品質にこだわった靴下の生産を続ける(左から)野村泰嵩専務、佳照社長(いずれも奈良県広陵町で)
品質にこだわった靴下の生産を続ける(左から)野村泰嵩専務、佳照社長(いずれも奈良県広陵町で)

 「OEMは外部企業の業績に依存している。将来的にも拡大は望めない」。専務の野村泰嵩(29)は危機感を募らせた。

 販売方法を見直した。長年、手がけてきた様々な種類の靴下を全国にPRするために、ネット通販を拡大。直営店も増やし、同年10月には東京・清澄に2店舗目を構えた。

 そして、下請けに依存しない安定的な経営につなげようと、新ブランド「yahae(ヤハエ)」を設立。名前は、祖業の木綿業を江戸末期に始めた「弥兵衛」にちなむ。「ものづくりは脈々と受け継がれていく。今のヤマヤの土台になった人の名前を借り、自分たちらしさを磨いていく」との思いを込めた。

 新ブランドで扱う靴下の素材は、農薬を抑えたオーガニックコットンが中心だ。「ガラ紡」と呼ばれる明治時代に開発された日本独特の方法で紡ぐと、空気を多く含み、ふっくらと仕上がる。

 化学染料を使わず、綿の風合いを生かした靴下は1足税込み3300円のものも。安くはないが、環境への意識が高まる時代に支持を得て、奈良市内の直営店は観光客らでにぎわう。

 逆境から始まった20年度だったが、売り上げは前年度を上回り、今では自社ブランドの販路は海外約15か国に広がる。野村は「何かできることをやろうと。コロナ禍にかえって背中を押された」と言う。

体験イベント開催

地域のイベントに登場した創喜の「チャリックス」。ペダルをこいで、靴下作りを体験できる
地域のイベントに登場した創喜の「チャリックス」。ペダルをこいで、靴下作りを体験できる

 産地として、メーカー同士の協力によるブランド強化も目指す。

 広陵町の「創喜」は21年末、工場内に靴下作りが体験できる施設をオープンさせた。固定した自転車に編み機をつなげた装置「チャリックス」を置き、客自身が好みの色の糸を選んでペダルをこぐと、<世界に一つ>の靴下が出来上がる。

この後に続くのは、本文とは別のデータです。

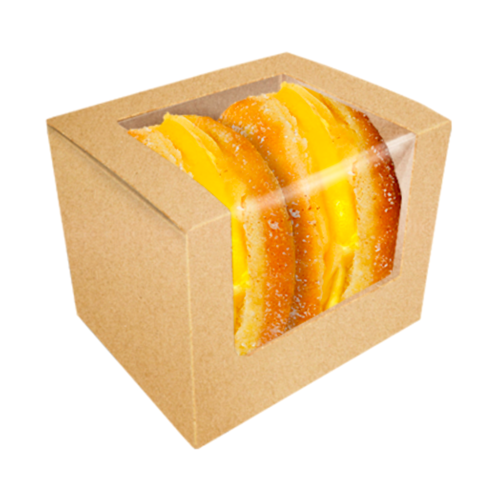 KRAFT "BENTO" CAKE BOX - 12,5 X 10 CM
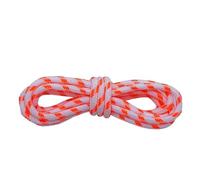 JFNKLFG 4PAIR 5MM Round Shoelaces Flower Dots Solid Laces Polyester Matching Sports Shoes Tooling Boots Hiking for Hiking Work Boots(White Neon Orange,140cm)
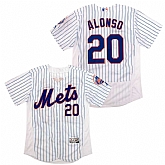 Mets 20 Pete Alonso White Flexbase Jersey,baseball caps,new era cap wholesale,wholesale hats
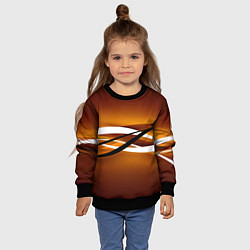 Свитшот детский Горизонталь, цвет: 3D-черный — фото 2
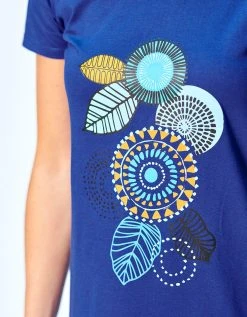 Blancheporte Chemise De Nuit Courte Manches Courtes Motif "rosaces" 4 Blancheporte Chemise De Nuit Courte Manches Courtes Motif "rosaces" -Blancheport en ligne 703208 C01 zoomx vue5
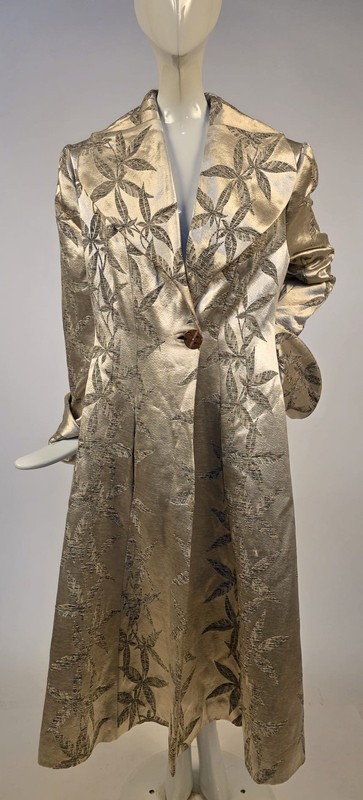 トップス aere vintage satin coat ELEGANT VINTAGE 1950'S SATIN PRINCESS COAT REFINISHED BY DOLLY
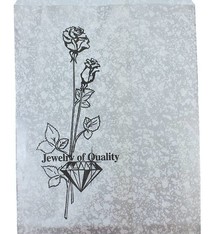 DBG1155 = Paper Gift Bag Silver and Black Pattern 8-1/2'' x 11'' (Pkg of 100)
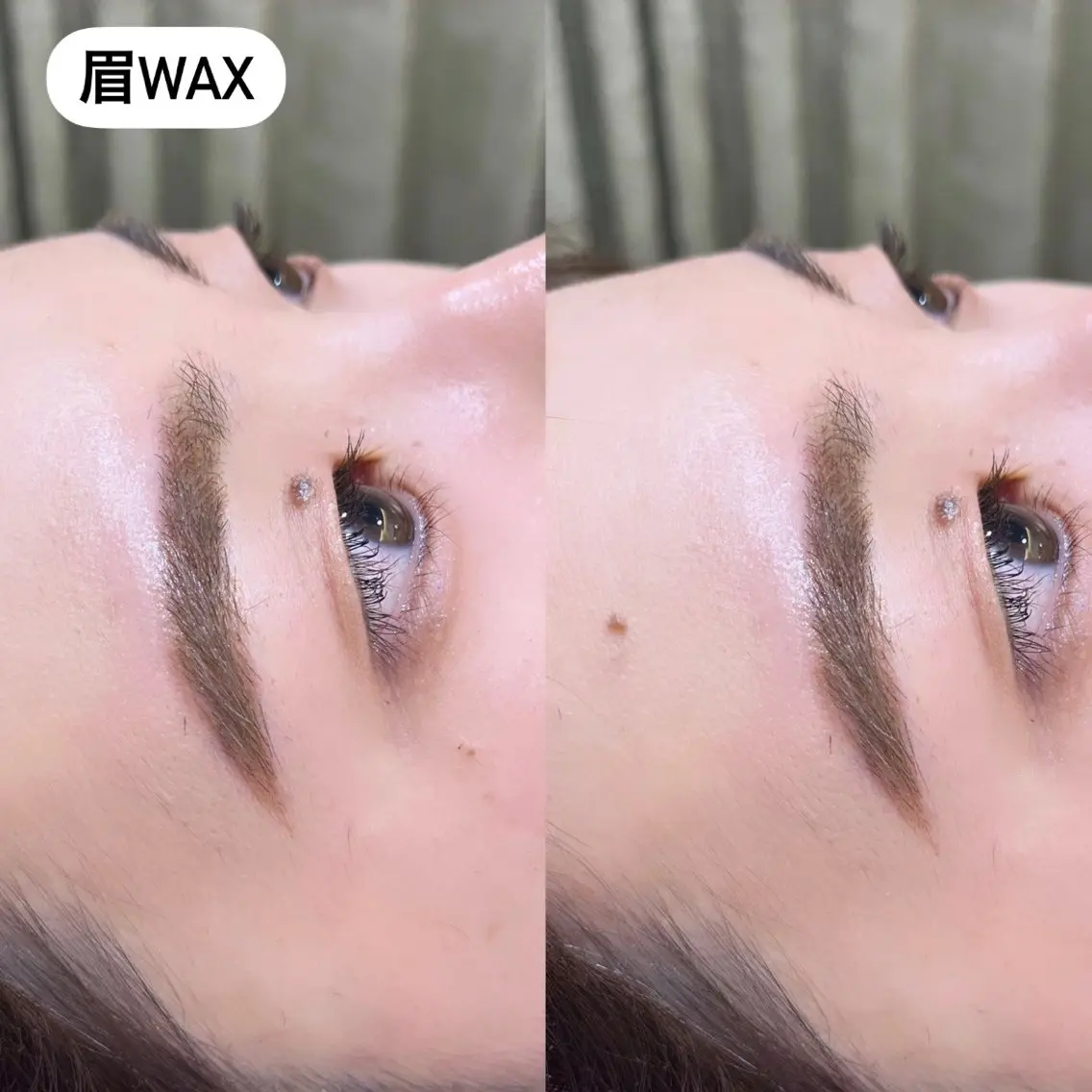 アイブロウ ワックス脱毛 眉カット ∴Sanae. ∴ トータルビューティーのマツエク・マツパデザイン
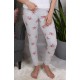 Różowa Pantera Damska piżama z długimi spodniami, bawełniana piżama
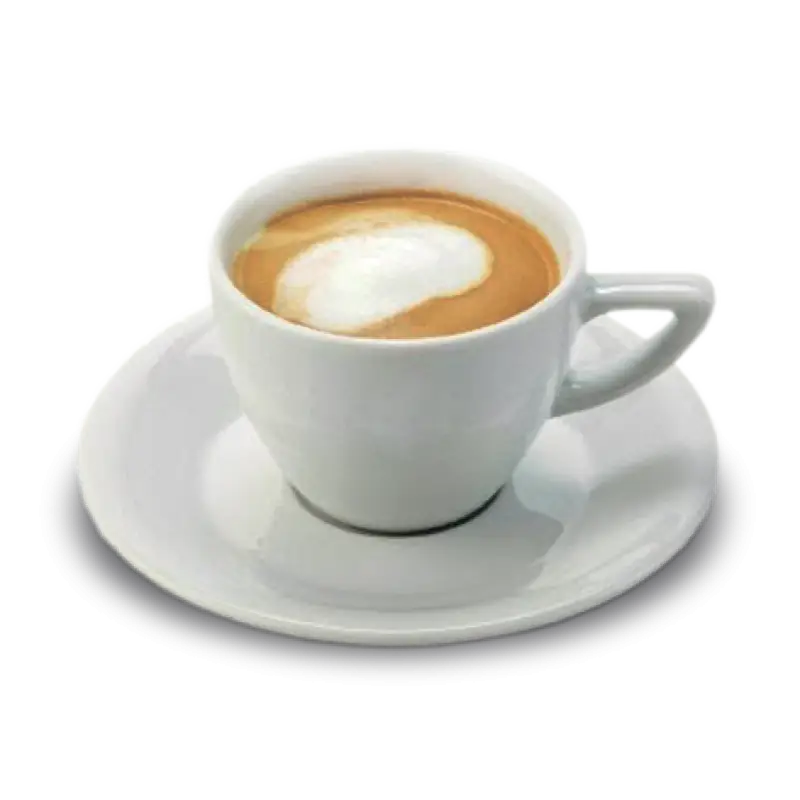 Coffee Cup on White Saucer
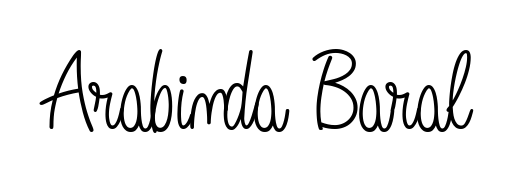 The Angelique-Rose-font-FFP font transforms the name Arabinda Baral into an executive sign with sharp precision and distinguished character. Arabinda Baral signature style 5 images and pictures png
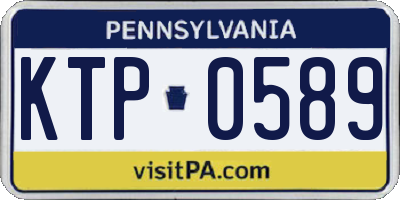 PA license plate KTP0589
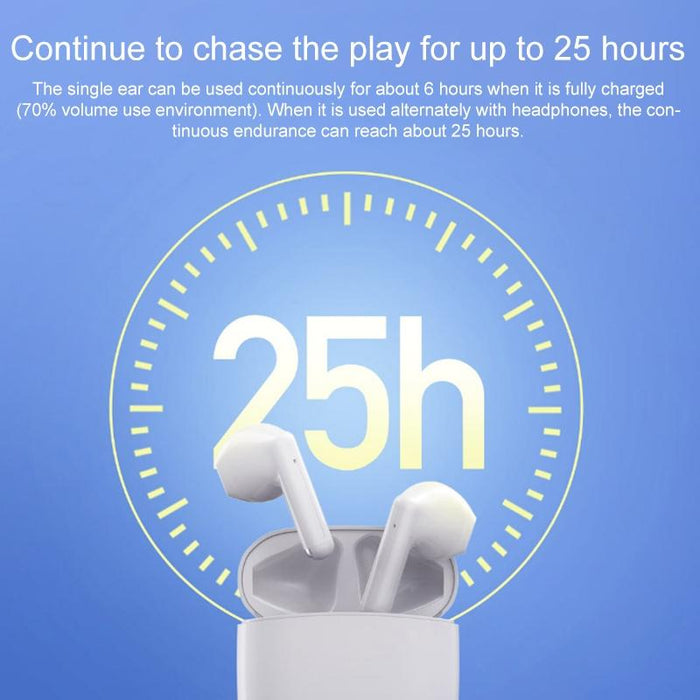 Wireless Bluetooth Earphone White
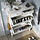 GULLABERG - shoe cabinet with 2 compartments, white, 88x30x122 cm | IKEA Indonesia - PE975829_S1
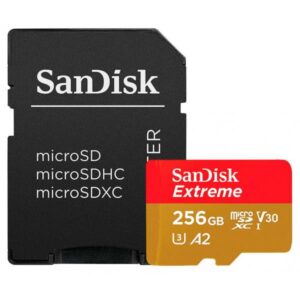 SanDisk Extreme PLUS - Scheda di memoria flash (adattatore da microSDXC a SD incluso)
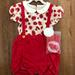 Disney Costumes | Disney Brand New With Tags Belle Outfit | Color: Red/Brown | Size: 18 Months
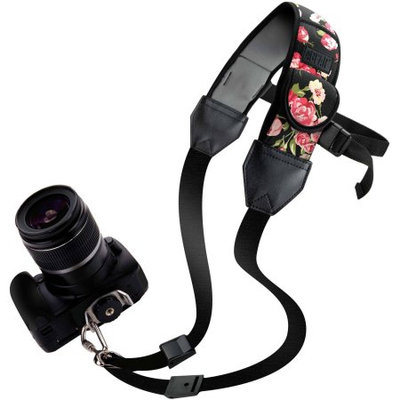 Accessory Power USA Gear Adjustable Neoprene Digital Camera Carrying Strap with Thick Neoprene and Safety Strap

 自社ブランドの直営店も兼ね、昨年秋にはヤマヤや地元酒蔵とものづくり体験イベントも初開催した。創喜の社長、出張耕平(43)は「奈良の靴下を知ってもらうことで人を呼び込み、地域を盛り上げたい。『タオルの今治』に負けない魅力があるはず」と強調する。

 ヤマヤは自立を目指して、約30年前にいち早く自社ブランドを設立した経験がある。当時では珍しかったが、コロナ禍の近年、自社ブランドを開発し、直営店を設ける県内メーカーが相次ぐ。

 野村の父親であり、4代目社長の佳照(70)は目を細める。「願っていたことですごくうれしい。1社だけで成長しても限界がある。業界、産地として発展していきたい」(敬称略)

(奈良支局 倉岡明菜、浜井孝幸)

ヤマヤ(奈良県広陵町)

 1921年創業。従業員35人。江戸末期から営んでいた木綿業を祖業として、靴下製造をスタートさせた。戦時下の企業統合などを経験した後、83年に株式会社化。92年から現社名となり、93年には初の自社ブランドを設立した。奈良市、東京都江東区に直営店を持つ。

国内生産量6割占める

 奈良県内では、古くから綿栽培が盛んで、明治期に農家の副業として靴下作りが広まった。現在も広陵町や大和高田市など県中西部にメーカーが集積し、2022年度の国内生産量で6割を占める。

 だが、1990年頃から輸入品にシェアを徐々に奪われ、国内流通の9割が輸入品に。県靴下工業協同組合はこうした状況やメーカーの減少に危機感を持ち、2017年に地域ブランド「The Pair」を旗揚げ。摩耗強度や耐洗濯性で品質基準を設け、はき心地とデザインにこだわった商品を展開している。

 また、奈良の靴下の良さを伝える「靴下ソムリエ」の制度も創設。メーカーやアパレル関係者ら約800人が認定を受け、ブランディングに努めている。